Media Personality and Fan Community: A Study in Modern Communication and Culture
Roberts, C. (2000) Media Personality and Fan Community: A Study in Modern Communication and Culture, no. 363.
This study examines the relations between the media personalities and their audiences. Its broad interest is with the implications for contemporary social experience of the fact that modern communication and culture involve mediated interaction. Its focus is on broadcasting's use of personality presenters to interact with viewers and listeners and on audiences' experiences of this. This thesis explains that broadcasting has developed a personality system to relate to audiences and discusses the characteristics of this system. It considers the importance of genre in determining the type of presenter used and the significance of their personality.
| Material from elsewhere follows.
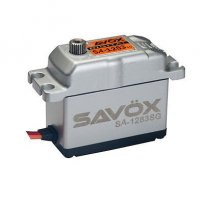 Savöx SA-1283SG, Digitalt, 6,0V, 30kg, ,80gram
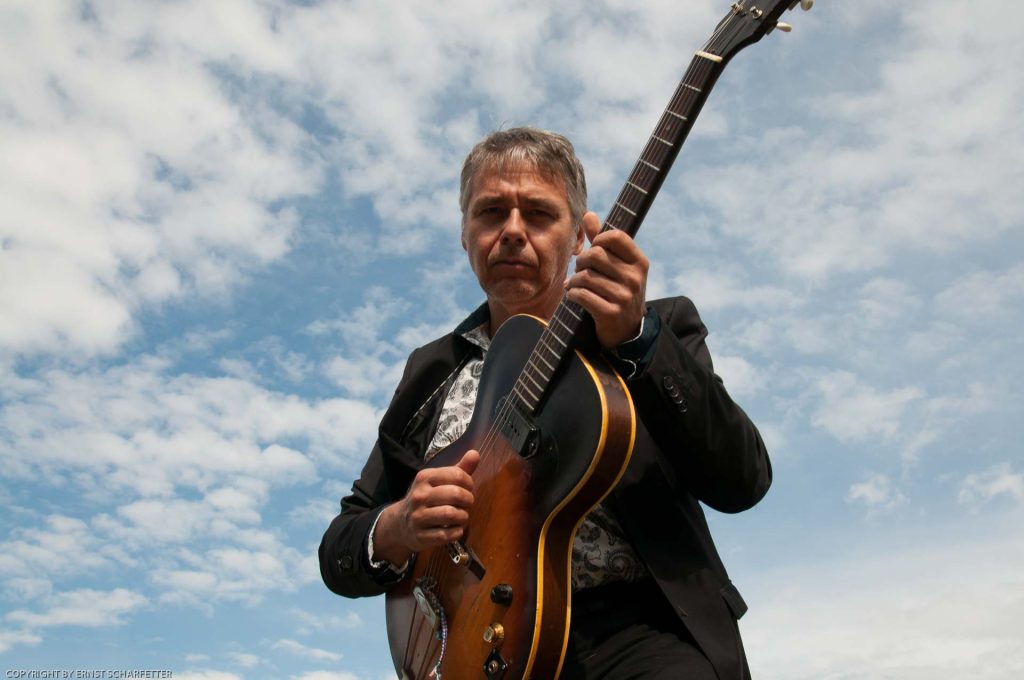 Koncert v parku: Franco Toro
It is argued that an awareness of the construction of personae has undermined broadcasting's traditional personality system where sincerity is crucial. The fact that nowadays professional personalities operate as commodities in a competitive marketplace is highlighted and the role played by management companies in their careers is explored. This research project provides a case study of the media personality Phillip Schofield. His role as a presenter and his place within popular culture are elaborated. His persona is examined in detail and shown to be consistent with the discourses of broadcasting's personality system. This study proceeds to investigate the consumption of the personality system. It reviews the existing literature on para-social interaction and the mediated relationships of intimacy at a distance that develop between persenters and their audiences. It contributes to this knowledge by presenting the findings from qualitative research into viewers' relationships with a media personality. This empirical study involved conducting in-depth interviews with four of Phillip Schofield's fans and spending time with the fan community these interviewees belong to. The formation of this group is outlined and the fact that sociability is an important aspect of fandom is stressed. Concentrating on the subjects' responses to Schofield, this research demonstrates that one form of fandom is rooted in the intensive cultivation of a para-social relationship.